*** Opening of SUPPLIED DATA ***

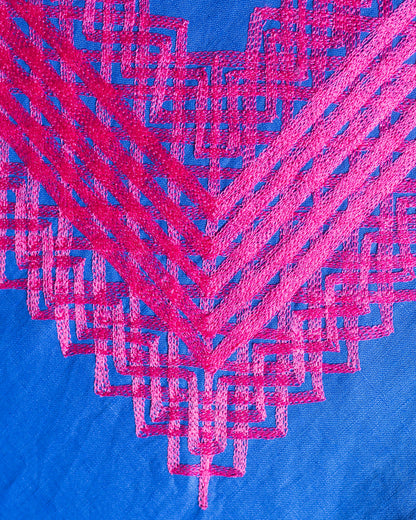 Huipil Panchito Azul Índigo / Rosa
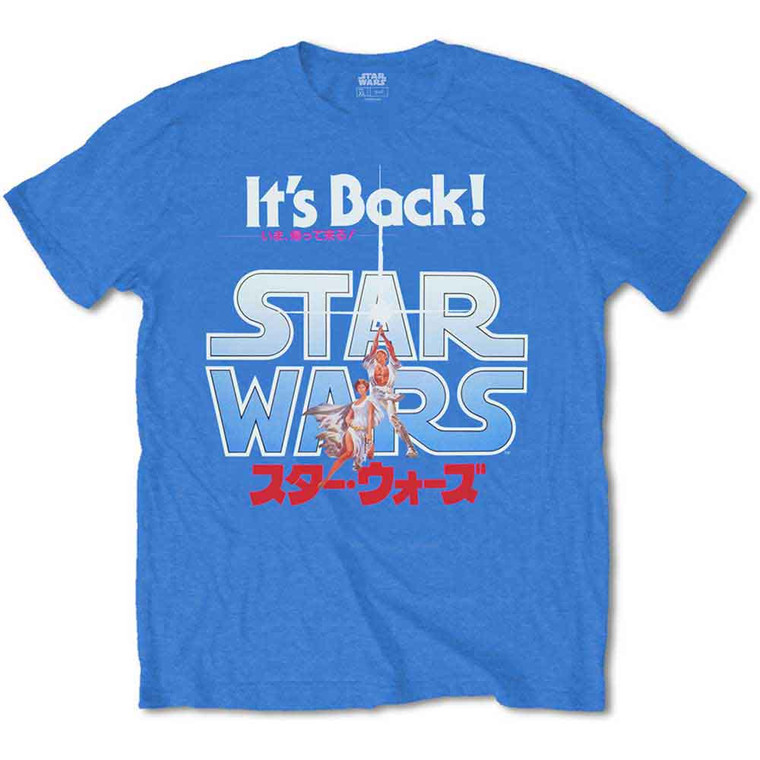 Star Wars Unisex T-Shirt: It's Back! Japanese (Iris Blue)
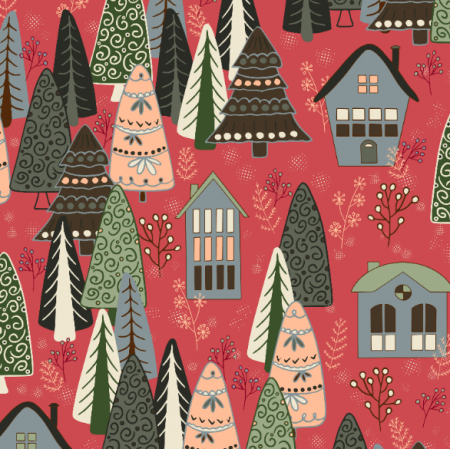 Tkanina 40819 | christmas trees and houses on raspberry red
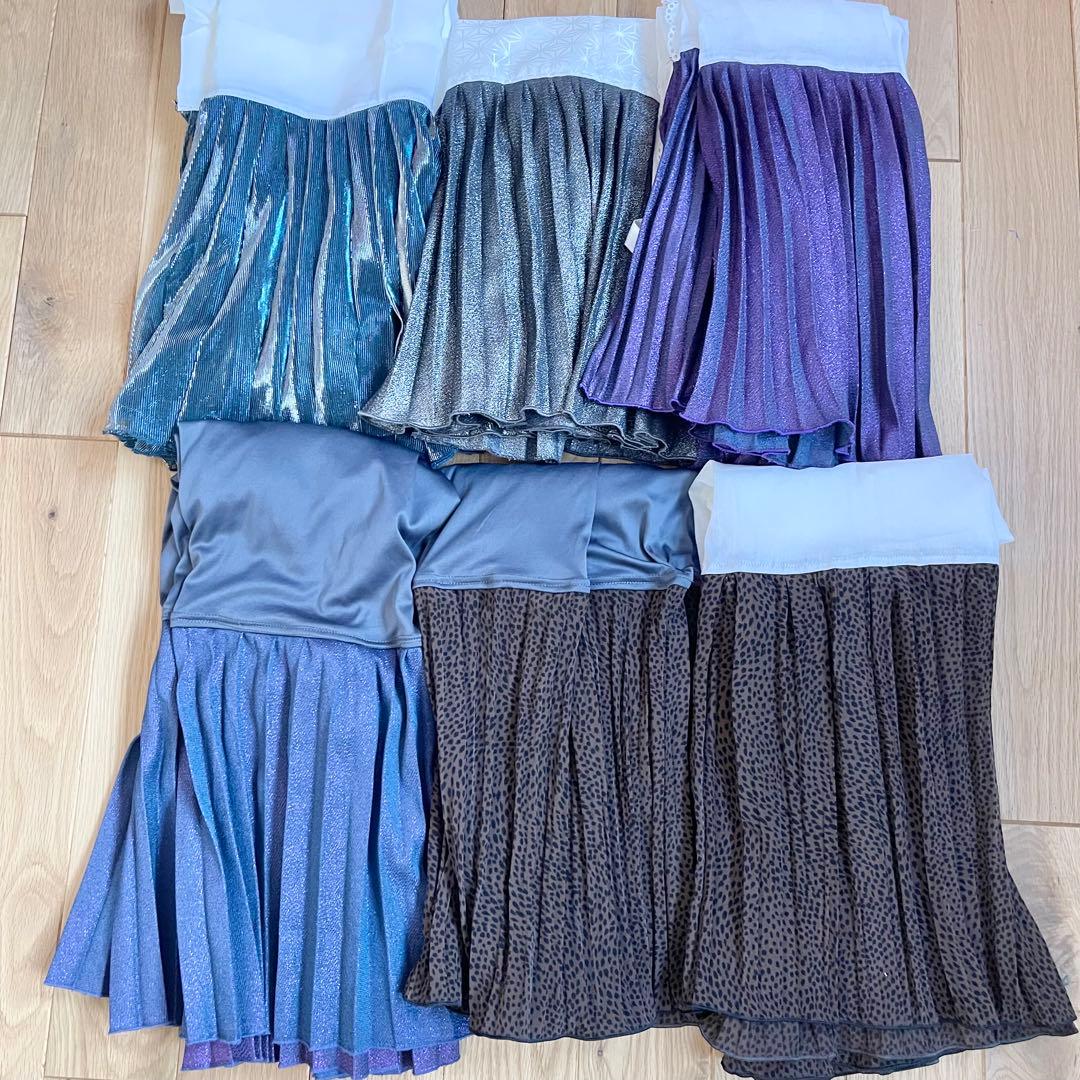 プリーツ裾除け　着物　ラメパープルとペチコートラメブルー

*** Close of SUPPLIED DATA ***

● **PROBLEM REQUIREMENTS**:
When copying the listing, print each line exactly but leave out every picture.

● **OUTPUT**:
 Huipil Panchito Azul Índigo / Rosa
 Star Wars Unisex T-Shirt: It's Back! Japanese (Iris Blue)
 Tkanina 40819 | christmas trees and houses on raspberry red
 プリーツ裾除け　着物　ラメパープルとペチコートラメブルー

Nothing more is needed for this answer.